More air takes excess heat from the cylinder. Heat losses to the cylinder walls and other heat-absorbing surfaces are reduced. The maximum amount of air is sucked or pressed into the cylinder, is heated by the cylinder walls, expands and delivers more power from a given quantity of fuel. This results in a more effective engine for a given amount of fuel.
High torque and power at low engine speeds.
The engine runs cooler. This results in less risk of engine damage.
Cleaner exhaust gases are generated, because large quantities of free oxygen can react with primary combusted exhaust gases already in the cylinder--a form of built-in EGR. These quantities of free oxygen can react with fuel residues in the cylinder, all the way out of the engine, through the intake and exhaust manifold, the turbo, the exhaust pipe and catalyst and the remaining hot parts of the engine exhaust system.
The more air that is sucked or pressed into the cylinder prior to combustion, the cleaner the combustion residues. Hydro carbons, carbon oxides and nitrogen oxides are emitted to a correspondingly lesser extent.
With the aid of modem engine electronics, the inventive device can be controlled so that the amount of injected fuel is separated linearly from the amount of air consumed.
The following results are obtained with the local primary combustion in accordance with the invention:
Sooting is drastically decreased, particularly in the case of cold engine starts when an additionally heavy fuel/air mixture is required for ignition. The present invention enables the mixture to be placed and ignited locally.

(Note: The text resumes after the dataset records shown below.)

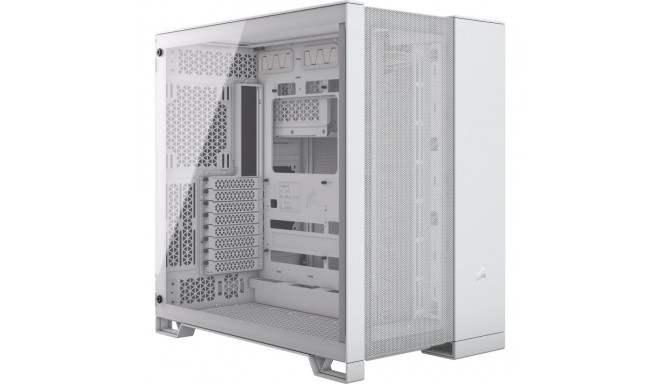 Corsair 6500D Airflow, tower case (white, tempered glass)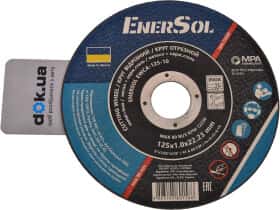 Круг отрезной EnerSol EWCA-125-10 125 мм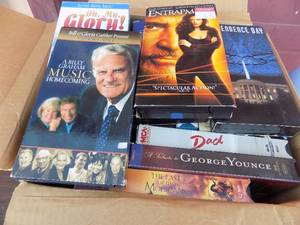 lot 193 image: VHS movies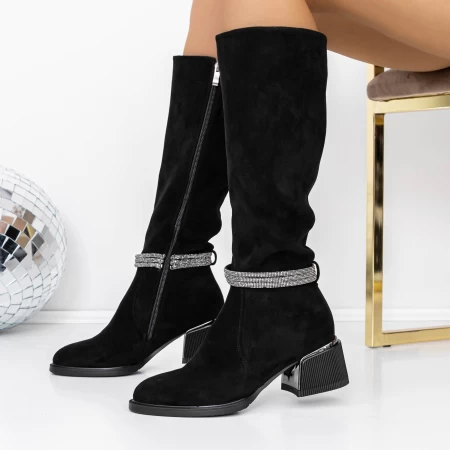 High Heels 3C11 Black | Mei
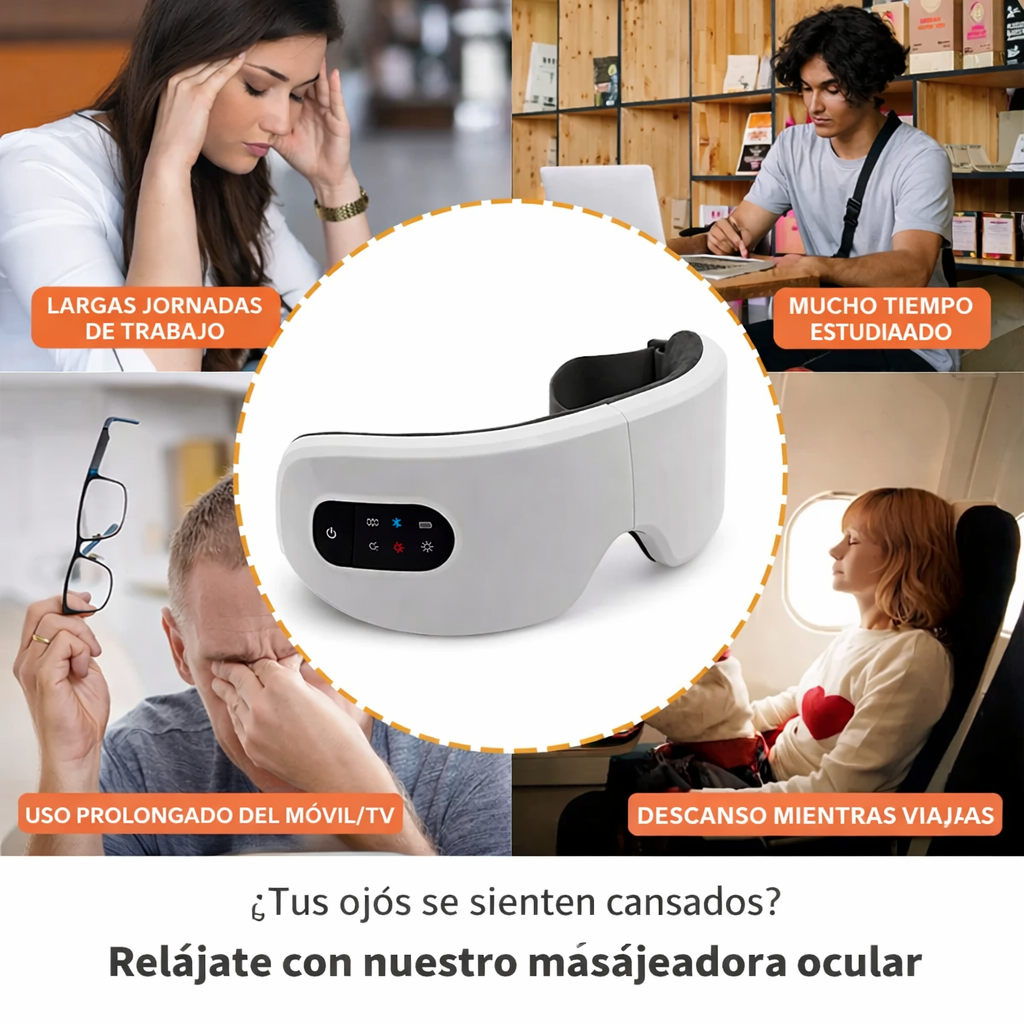 EyeHarmony 4D – Masajeador Inteligente de Ojos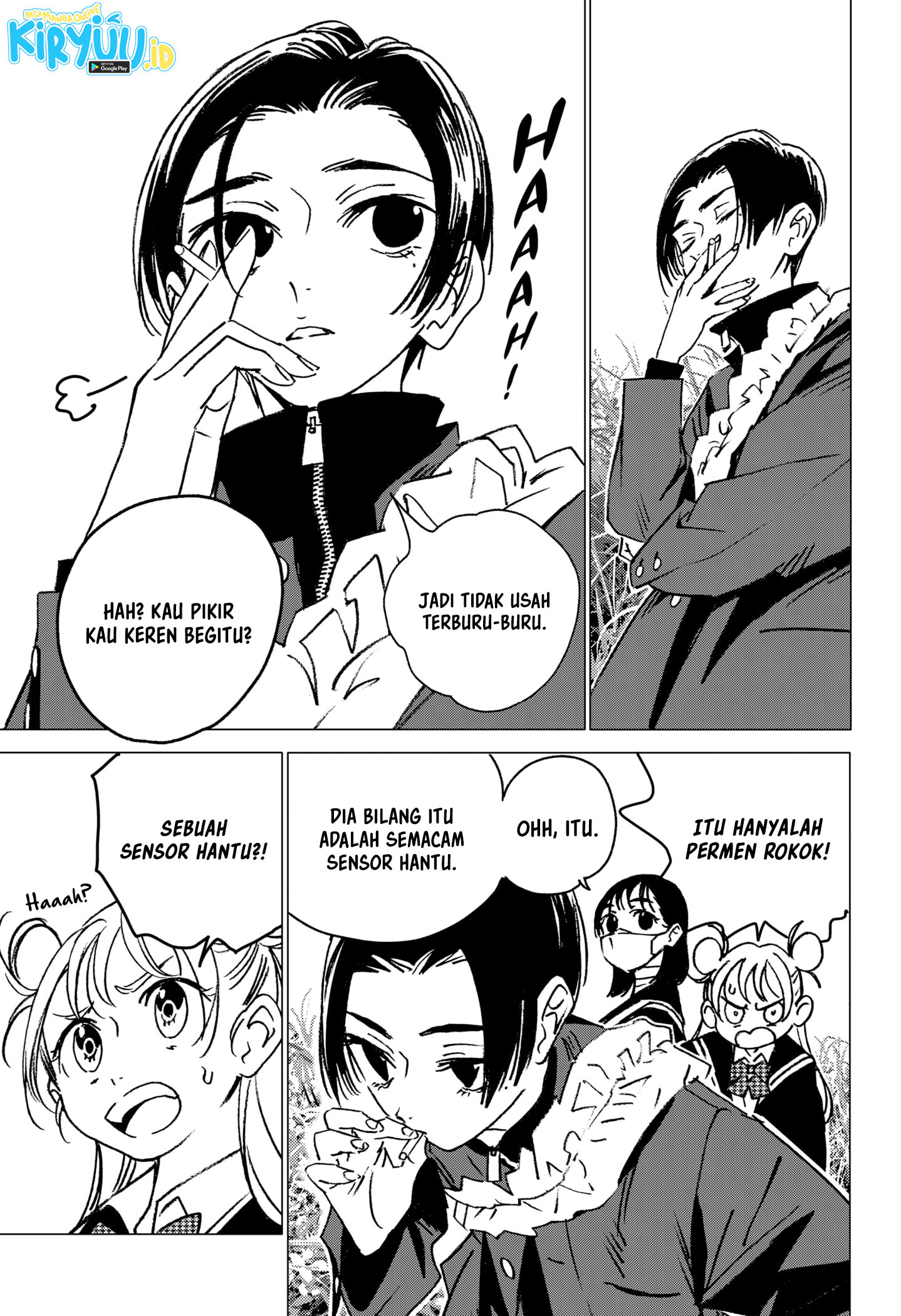 Ghost Fixers Chapter 06 Gambar 6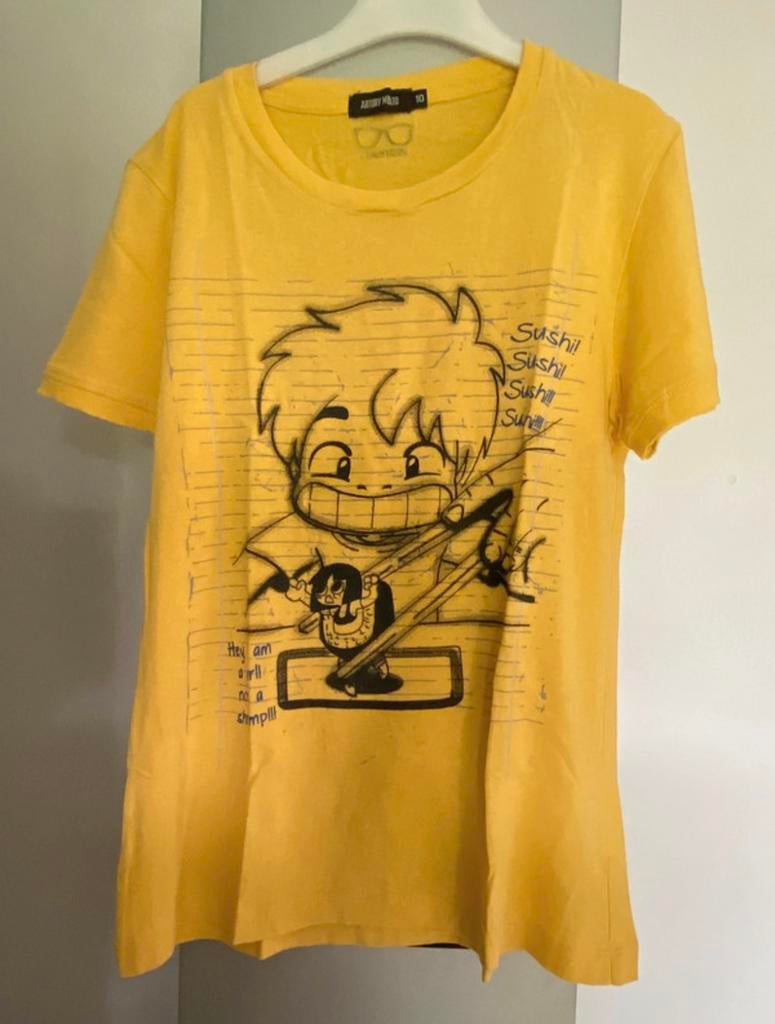 Antony Morato T-shirt voor 10 jaar, Ophalen of Verzenden, Zo goed als nieuw, Antony Morato, Jongen of Meisje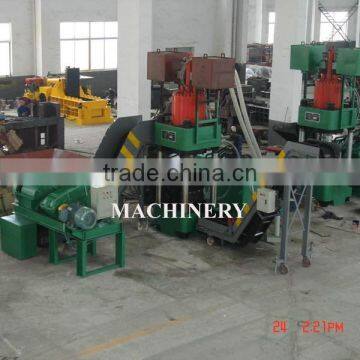 630Ton High Capacity Automatic Metal Scrap Chip Briquetting Press Machine photo-4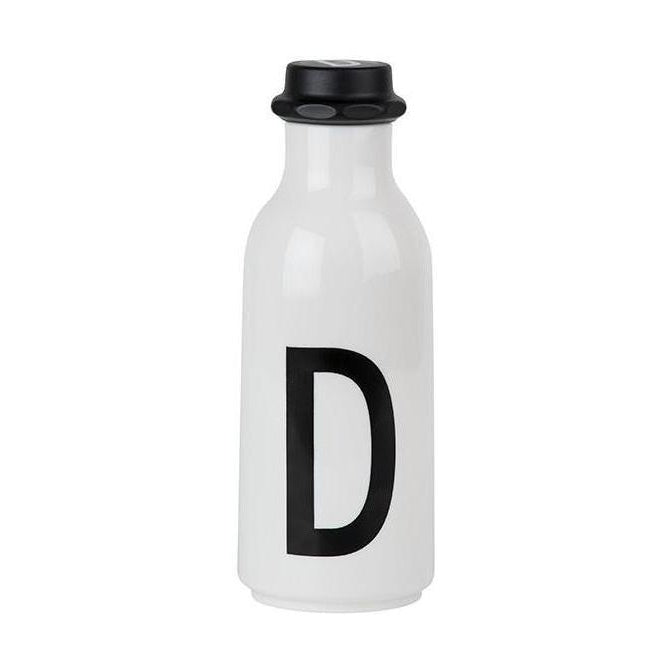 Design Letters Personal Water Bottle A Z, D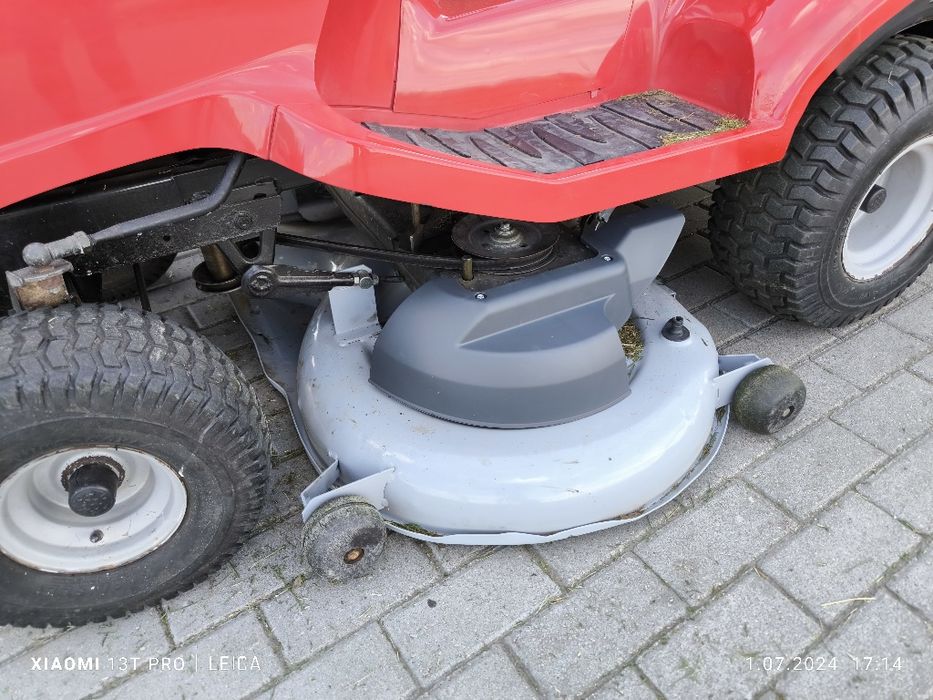 Honda 2620 po dużym serwisie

Positive combustion with good control over the ignition range of the fuel/air mixture results in less risk of ignition failure and therewith in less engine wear.
High compression is possible. The amount of fuel can be finely adjusted in quantity and positioning in the combustion chamber, which reduces the risk of spiking.
Other fuels can supplement the primary combustion. For instance, gas, alcohol, diesel, kerosene or some less ignitable fuel can be used. Supplementary fuel can be sucked in through the intake valve together with other air, and ignited by the primary combustion.
In view of the absence of gas throttle and indicators for indicating air quantity, air temperature, humidity, air density, EGR devices, air pumps, and so on, the engine construction will be much simpler. The entire device can be accommodated in the space occupied by the spark plugs of present-day engines.
Existing engines, in motor vehicles and boats among others, can be provided with the present invention. The construction can be placed in existing space for spark plugs with which all petrol-driven engines are provided, both carburetor engines and injection engines and irrespective of the number of valves.
Although the invention has been described with reference to a number of different embodiments thereof, it will be understood that different solutions in the different examples can be combined arbitrarily with one another, and that other known detailed solutions in internal combustion engines can be combined with the invention without departing from the inventive concept.